On the other side of the debate are rudder lovers who say “ Additional steering?  Sure!  I’m in!  Where do I get one”.

So… why all the fuss about rudders?  Human nature, I guess.  It seems that if we don’t have anything to debate about we can’t prove how dominant we are and life becomes boring.  I’m pretty sure it’s just a “guy” thing.

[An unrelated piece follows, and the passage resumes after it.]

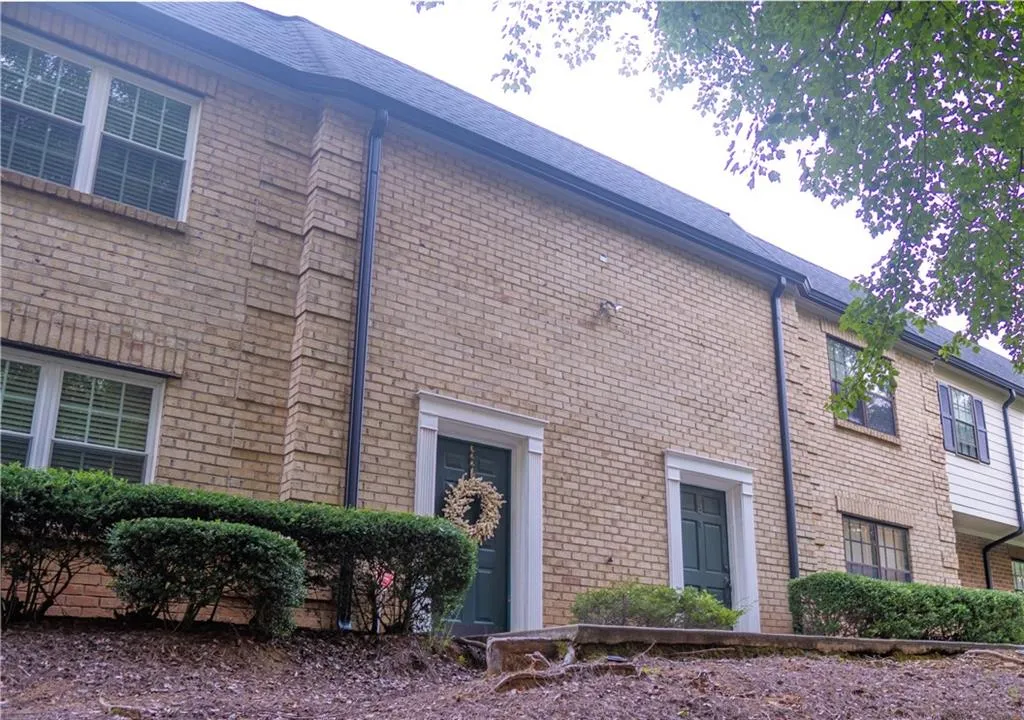 350 Winding River Drive Unit B, Sandy Springs, Georgia 30350, 3 Bedrooms Bedrooms, ,2 BathroomsBathrooms,Residential,Sold,350 Winding River Drive Unit B,7107153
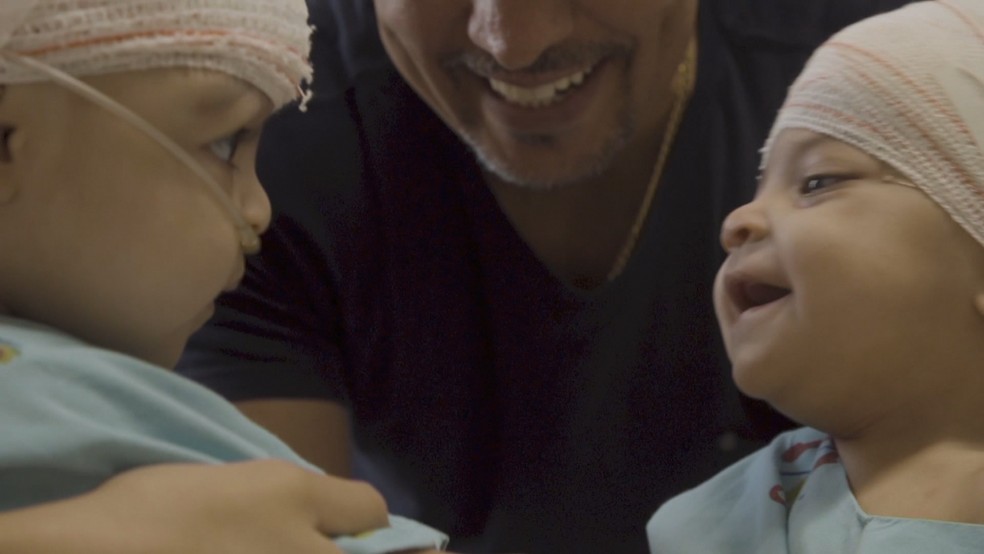 Gêmeas Lis e Mel se reencontram pela primeira vez depois de cirurgia inédita em Brasília  — Foto: TV Globo/Reprodução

But there must be more to it than that, you say.  Well… sure.  Let’s dig deeper into the topic and carefully look at both the disadvantages and the advantages of rudders.

First the disadvantages:

Rudders are mechanical things that can fail.  True.  They also require periodic inspection to make sure all the parts, especially the cables, are in good working condition.  They are expensive.  No argument there.  They can be a pain to install.  That’s for sure.  I once spent the better part of a day fitting out a kayak with pedal controls and a rudder.  They add drag that can slow you down.  True.  The fact is that anything you hang off your boat is going to create at least some drag.  Plus, if the rudder is compensating for an unbalanced or poorly designed boat, or, if the helmsman is heavy footed with the pedals, the amount of drag will be increased.  It’s also true that rudders are often found on unruly boats, and that beginners tend to push the pedals too much.  Additionally, some rudder control pedals need so much leg motion that they prevent the paddler from feeling “locked in” to the thigh braces, resulting in less hull control.  And lastly, rudders often have a way of looking out of place on a traditional kayaks.  True enough.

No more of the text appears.